Wednesday, August 03, 2005

Road Trip

“In the very center of Africa, where the widening crack of the Rift Valley splits the continent, rise two great and mysterious mountain ranges: the snow-crown, mist-shrouded Ruwenzori and the emerald-green Virunga Volcanoes. Together they form the continental divide of Africa’s watershed. The abundant rains falling on their slopes eventually flow either northward to the Nile or west to the mighty Zaire (Congo) River. The mountains form almost an exact ecological divide as well. Toward the rising sun lie the open plains of the East African savannas. To the west, the primeval rainforest stretches to the distant Atlantic.

“Among the last reaches of the continent to be explored, this remote region long remained the darkest heart of Africa. Tales of snow-topped Mountains of the Moon, of a race of dwarfs, and of savage ape-men persisted through the centuries. The stories were spawned by dim contacts gleaned by ancient emissaries of Egyptian pharaohs, then later kept alive by the reports of Arab slave caravans returning to their Indian Ocean strongholds. After centuries of ridicule and disbelief, the ancient tales were proved true when European explorers discovered a region as fascinating as its myths.”
(Adventuring in East Africa, Allen Bechky, 1990.)

We pile into the matatu (van), 11 of us. Seven graduates, three staff members and our driver, Jack. Our students are all getting their master’s in Community Health and Development from the University of the Great Lakes in Goma, Congo. Because TICH has not been awarded university status by Kenya’s Comission for Higher Education, they’ve partnered with the university in Goma to offer our master’s program. (I’ve written it before and will write it once more; the reason TICH has not been awarded university status is because someone in the ministry of higher education is wanting a little something, something to grease their palm and TICH is against bribery of any kind. So the stupid government holds back an institute that is set primarily to train people in helping to develop the country, so their fellow countrymen and women can lead healthy, safe lives. Isn’t that the government’s job to begin with, to ensure access to a healthy and safe life for their citizenry? But they’re stopping TICH, an institute funded by private sources and dedicated Kenyans, from training nurses and doctors in development. Mindboggling).

Our graduates are in their 30s and 40s.
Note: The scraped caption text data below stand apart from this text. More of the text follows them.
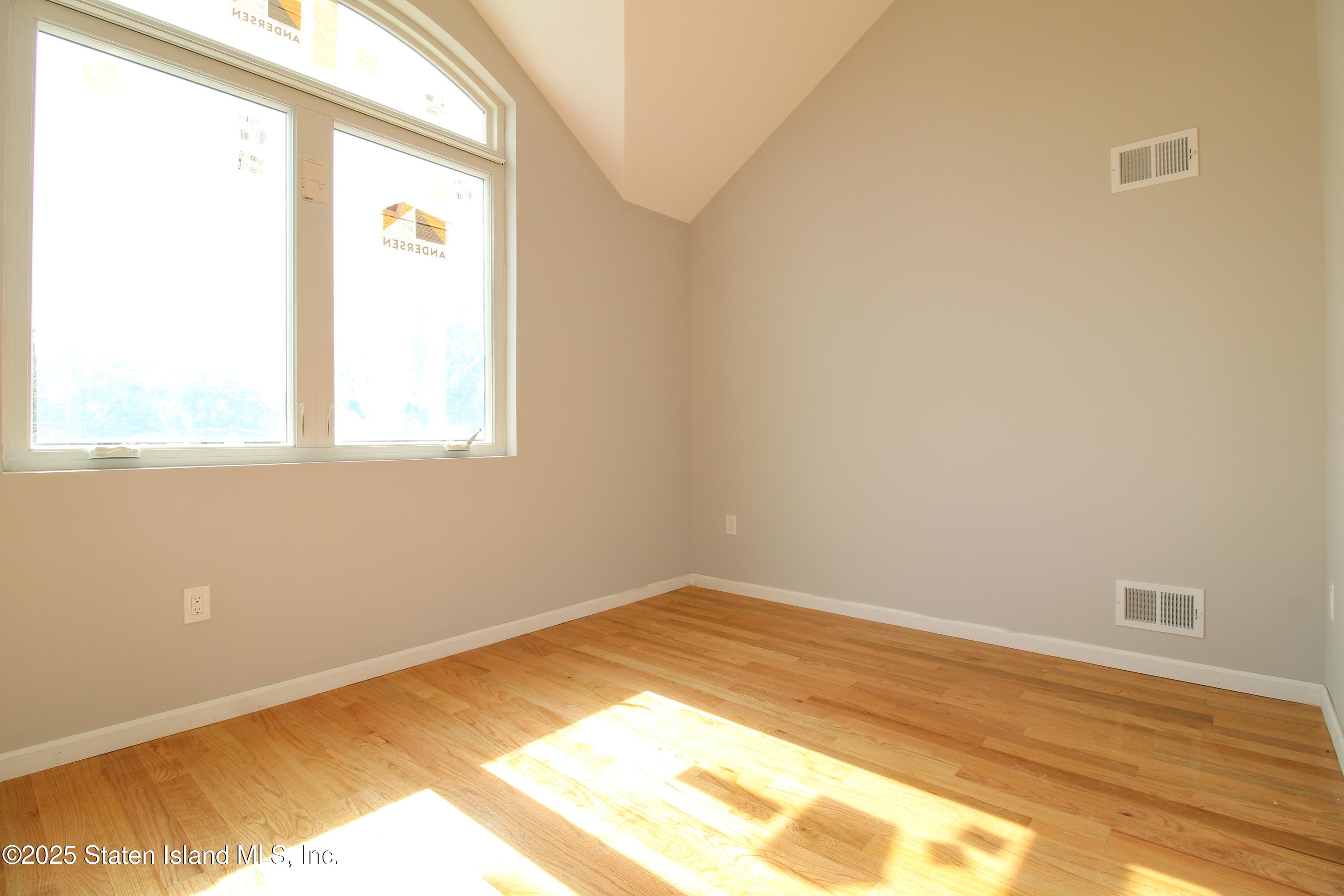 85 Perry Avenue, Staten Island, NY, 10314 image 19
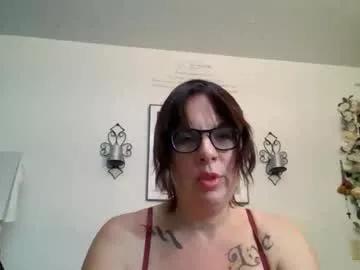 Elizavictoriaxxxo webcams show profile image 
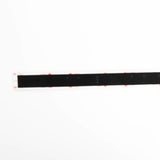 Samsung Dishwasher Circuit Boards & Touch Pads DD81-01540A replacement part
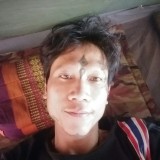 4efcdc1cfce1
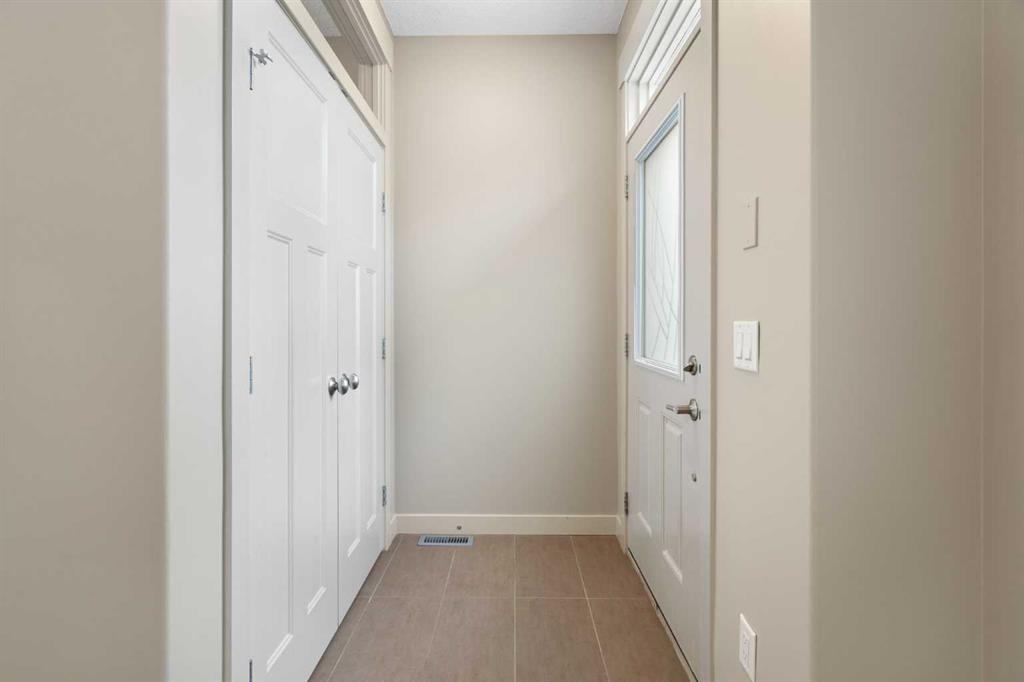 1, 4728 17 Avenue Northwest, Calgary – Residential Row/Townhouse Listing Photo 31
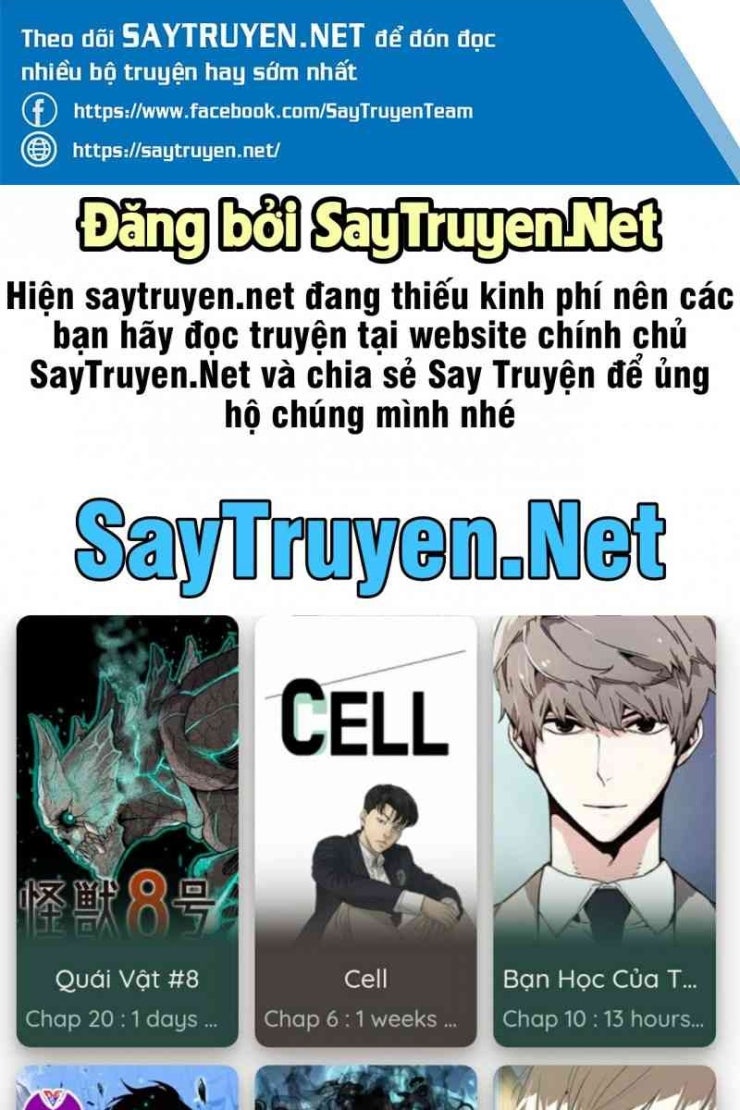 Vinh Quang Kiếm - Page 53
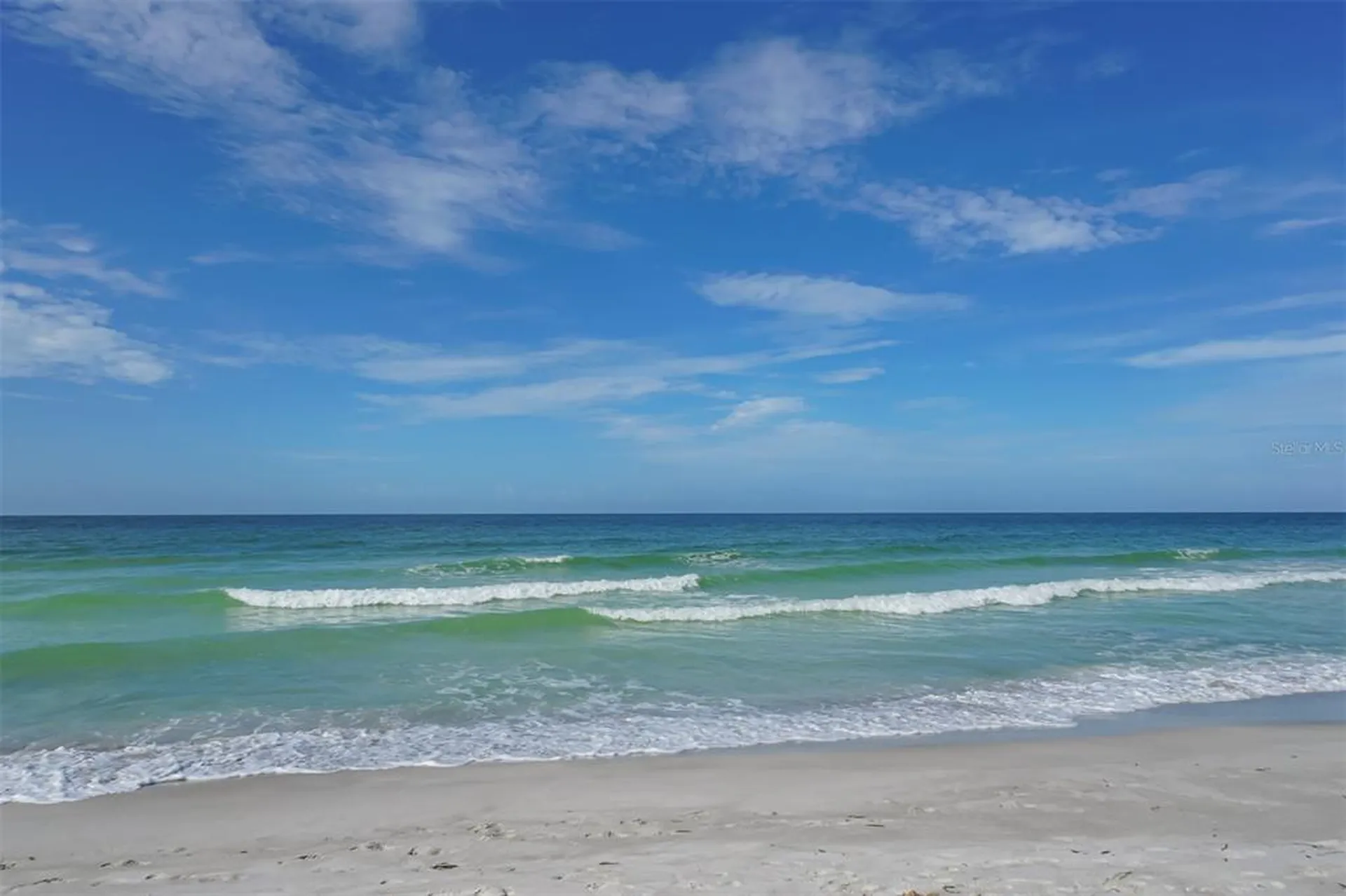 3240 Gulf Of Mexico Drive Longboat Key FL 34228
Three students are also on the staff at TICH; Sister Margaret, Ogutu Owii and Maureen. Our students are all professionals working in development. Kelvin Mindi works for the Ministry of Health in Malawi.

We live TICH at 8:30am. Kenya rolls by as we approach Uganda. At the border, our passports are stamped exiting Kenya. We then cross over “no man’s land,” a hundred yards between country gates, to get stamped into Uganda. Julius says, “You know, you can kill someone here in no man’s land and there’s no law to prosecute you.”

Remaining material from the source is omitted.